High-Sensitivity Goos-Hänchen Shifts Sensor Based on BlueP-TMDCs-Graphene Heterostructure

• Published in: Sensors (Basel, Switzerland) Vol. 20; no. 12; p. 3605
• Main Authors: Han, Lei, Hu, Zhimin, Pan, Jianxing, Huang, Tianye, Luo, Dapeng
• Format: Journal Article
• Language: English
• Published: Basel MDPI AG 26.06.2020; MDPI
• Subjects: Biomedical materials; blue phosphorene; Goos–Hänchen shifts; Graphene; Heterostructures; Hybrid structures; Letter; Light; Optical properties; Optics; Phosphorene; sensitivity; Sensors; surface plasmon resonance; Thin films; transition metal dichalcogenides; Transition metals; Two dimensional materials
• ISSN: 1424-8220; 1424-8220
• DOI: 10.3390/s20123605

Surface plasmon resonance (SPR) with two-dimensional (2D) materials is proposed to enhance the sensitivity of sensors. A novel Goos–Hänchen (GH) shift sensing scheme based on blue phosphorene (BlueP)/transition metal dichalogenides (TMDCs) and graphene structure is proposed.
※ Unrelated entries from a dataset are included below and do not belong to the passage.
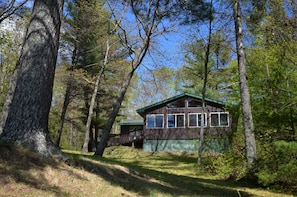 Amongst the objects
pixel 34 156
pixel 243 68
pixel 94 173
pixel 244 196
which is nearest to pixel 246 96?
pixel 243 68

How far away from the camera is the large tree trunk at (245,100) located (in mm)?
8211

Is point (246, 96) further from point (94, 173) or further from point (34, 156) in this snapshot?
point (34, 156)

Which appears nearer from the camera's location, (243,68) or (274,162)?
(274,162)

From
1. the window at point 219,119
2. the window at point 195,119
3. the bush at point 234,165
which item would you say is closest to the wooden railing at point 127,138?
the window at point 195,119

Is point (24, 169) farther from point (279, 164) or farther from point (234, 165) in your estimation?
point (234, 165)

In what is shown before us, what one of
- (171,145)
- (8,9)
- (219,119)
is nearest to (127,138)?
(171,145)

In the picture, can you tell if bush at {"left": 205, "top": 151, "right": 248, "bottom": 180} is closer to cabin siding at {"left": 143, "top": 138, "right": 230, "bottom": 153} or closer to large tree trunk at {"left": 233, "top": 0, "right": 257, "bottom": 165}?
large tree trunk at {"left": 233, "top": 0, "right": 257, "bottom": 165}

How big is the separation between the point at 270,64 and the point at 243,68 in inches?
36.8

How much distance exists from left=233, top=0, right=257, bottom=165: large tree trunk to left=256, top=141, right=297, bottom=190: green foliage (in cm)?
67

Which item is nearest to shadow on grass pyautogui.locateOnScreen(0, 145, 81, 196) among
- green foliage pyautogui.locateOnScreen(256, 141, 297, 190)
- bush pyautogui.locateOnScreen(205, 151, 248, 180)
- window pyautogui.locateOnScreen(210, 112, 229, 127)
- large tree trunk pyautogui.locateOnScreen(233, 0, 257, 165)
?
green foliage pyautogui.locateOnScreen(256, 141, 297, 190)

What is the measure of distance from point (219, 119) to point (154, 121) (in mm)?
5401

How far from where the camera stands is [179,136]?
21.8 metres

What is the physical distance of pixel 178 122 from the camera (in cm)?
2212

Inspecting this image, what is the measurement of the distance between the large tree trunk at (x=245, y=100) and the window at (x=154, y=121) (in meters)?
13.8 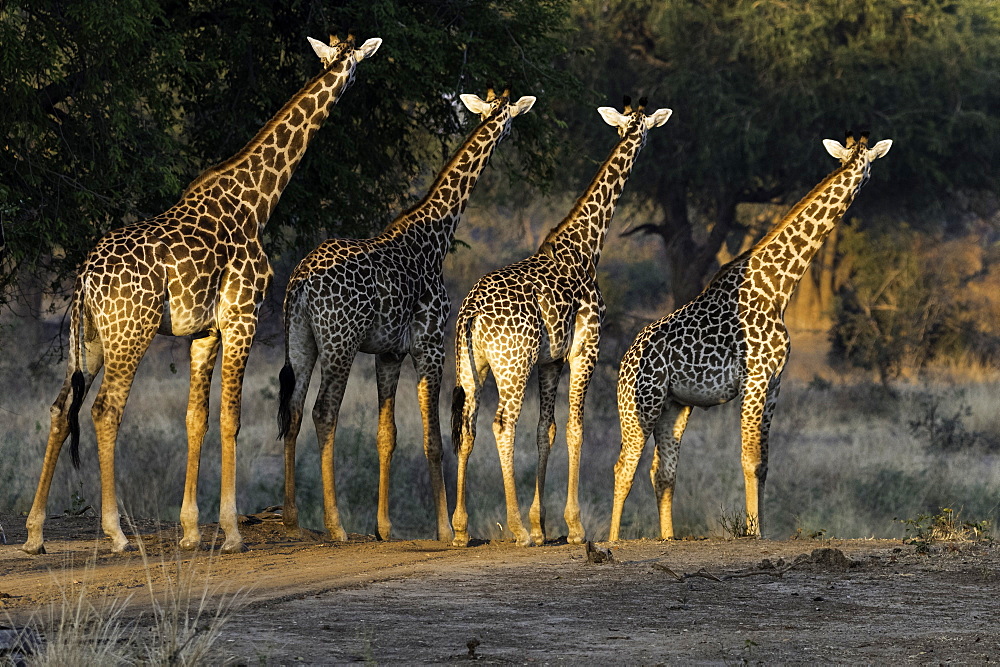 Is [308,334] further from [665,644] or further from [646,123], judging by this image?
[665,644]

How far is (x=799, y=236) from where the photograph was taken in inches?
418

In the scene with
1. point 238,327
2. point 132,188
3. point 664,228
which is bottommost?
point 238,327

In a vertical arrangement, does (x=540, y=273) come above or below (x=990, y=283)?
below

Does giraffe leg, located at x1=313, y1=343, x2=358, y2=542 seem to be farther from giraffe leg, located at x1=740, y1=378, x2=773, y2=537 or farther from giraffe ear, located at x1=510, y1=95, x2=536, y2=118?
giraffe leg, located at x1=740, y1=378, x2=773, y2=537

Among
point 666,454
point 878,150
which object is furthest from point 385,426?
point 878,150

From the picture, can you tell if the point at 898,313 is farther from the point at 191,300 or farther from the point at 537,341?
the point at 191,300

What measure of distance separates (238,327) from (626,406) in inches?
124

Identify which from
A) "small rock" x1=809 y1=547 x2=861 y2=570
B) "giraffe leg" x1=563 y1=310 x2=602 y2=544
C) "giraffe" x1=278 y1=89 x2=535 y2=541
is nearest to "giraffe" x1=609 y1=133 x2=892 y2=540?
"giraffe leg" x1=563 y1=310 x2=602 y2=544

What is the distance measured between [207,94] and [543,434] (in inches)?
219

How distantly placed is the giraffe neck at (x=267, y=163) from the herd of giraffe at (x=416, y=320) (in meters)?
0.01

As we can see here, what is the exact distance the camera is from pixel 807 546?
30.1ft

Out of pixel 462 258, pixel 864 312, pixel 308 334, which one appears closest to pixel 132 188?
pixel 308 334

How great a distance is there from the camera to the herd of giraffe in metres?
8.52

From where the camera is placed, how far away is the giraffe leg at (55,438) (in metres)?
8.41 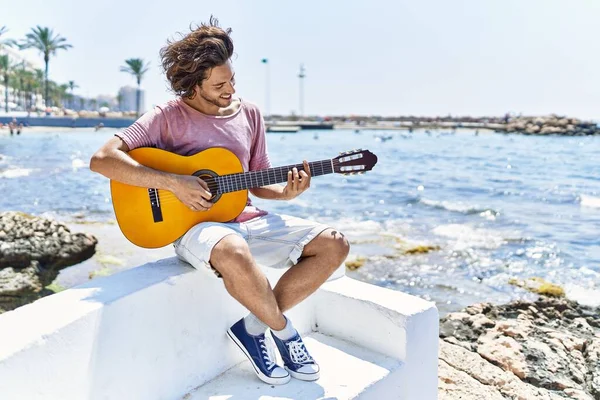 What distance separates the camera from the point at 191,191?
7.69ft

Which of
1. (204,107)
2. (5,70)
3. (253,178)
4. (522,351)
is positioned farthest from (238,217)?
(5,70)

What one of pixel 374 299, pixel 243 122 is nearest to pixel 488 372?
pixel 374 299

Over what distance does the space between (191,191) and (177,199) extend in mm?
91

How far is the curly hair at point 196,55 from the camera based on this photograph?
251cm

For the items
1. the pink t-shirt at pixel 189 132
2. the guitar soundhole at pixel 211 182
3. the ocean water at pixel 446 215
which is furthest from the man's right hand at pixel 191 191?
the ocean water at pixel 446 215

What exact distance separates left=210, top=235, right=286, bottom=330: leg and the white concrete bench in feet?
0.62

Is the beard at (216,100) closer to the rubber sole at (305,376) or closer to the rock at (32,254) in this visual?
the rubber sole at (305,376)

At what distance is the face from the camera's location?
254 cm

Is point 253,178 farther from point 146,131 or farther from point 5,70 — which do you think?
point 5,70

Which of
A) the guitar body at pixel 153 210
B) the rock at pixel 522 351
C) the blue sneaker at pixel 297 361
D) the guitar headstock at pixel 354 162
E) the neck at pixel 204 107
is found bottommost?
the rock at pixel 522 351

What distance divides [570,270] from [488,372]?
18.4 feet

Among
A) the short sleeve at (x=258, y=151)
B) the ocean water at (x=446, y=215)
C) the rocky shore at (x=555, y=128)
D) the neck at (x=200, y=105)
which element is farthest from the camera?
the rocky shore at (x=555, y=128)

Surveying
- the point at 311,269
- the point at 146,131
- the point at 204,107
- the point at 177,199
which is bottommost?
the point at 311,269

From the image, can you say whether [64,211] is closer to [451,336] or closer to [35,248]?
[35,248] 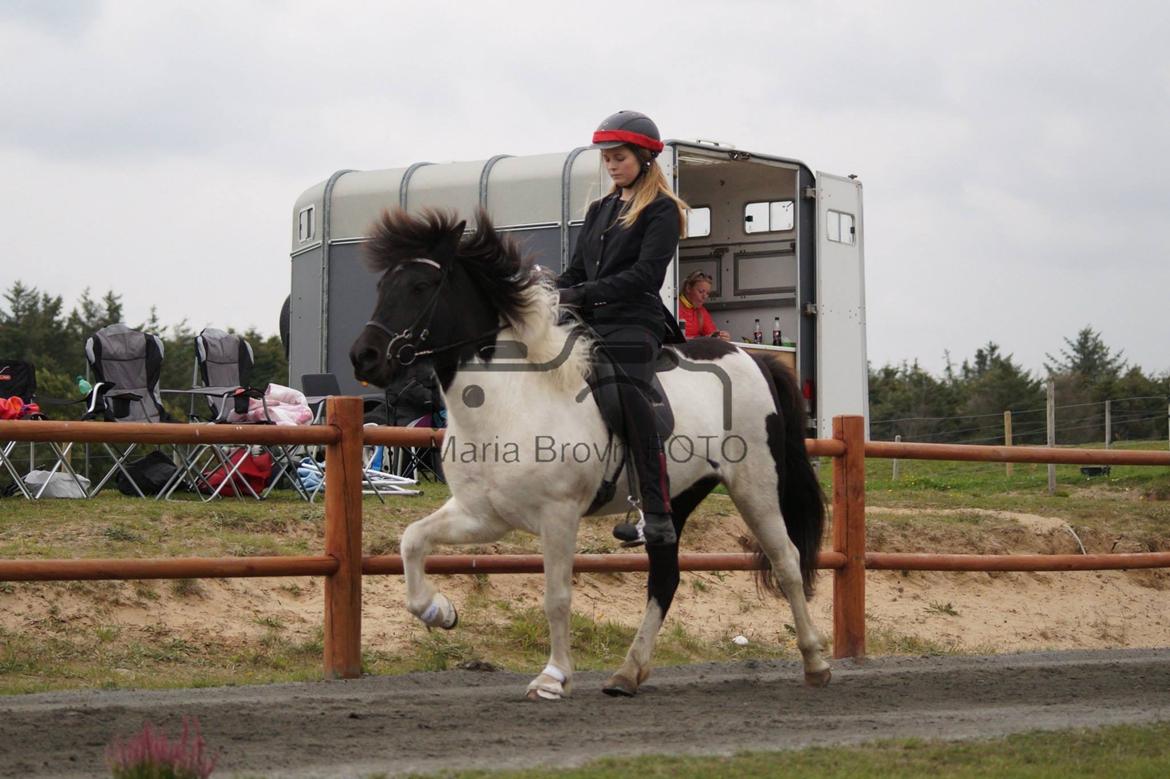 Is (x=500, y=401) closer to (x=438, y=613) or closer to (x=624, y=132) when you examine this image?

The significantly enhanced GH shift is obtained by optimizing the layers of BlueP/TMDCs and graphene. The maximum GH shift of the hybrid structure of Ag-Indium tin oxide (ITO)-BlueP/WS2–graphene is −2361λ with BlueP/WS2 four layers and a graphene monolayer. Furthermore, the GH shift can be positive or negative depending on the layer number of BlueP/TMDCs and graphene. For sensing performance, the highest sensitivity of 2.767 × 107λ/RIU is realized, which is 5152.7 times higher than the traditional Ag-SPR structure, 2470.5 times of Ag-ITO, 2159.2 times of Ag-ITO-BlueP/WS2, and 688.9 times of Ag-ITO–graphene. Therefore, such configuration with GH shift can be used in various chemical, biomedical and optical sensing fields.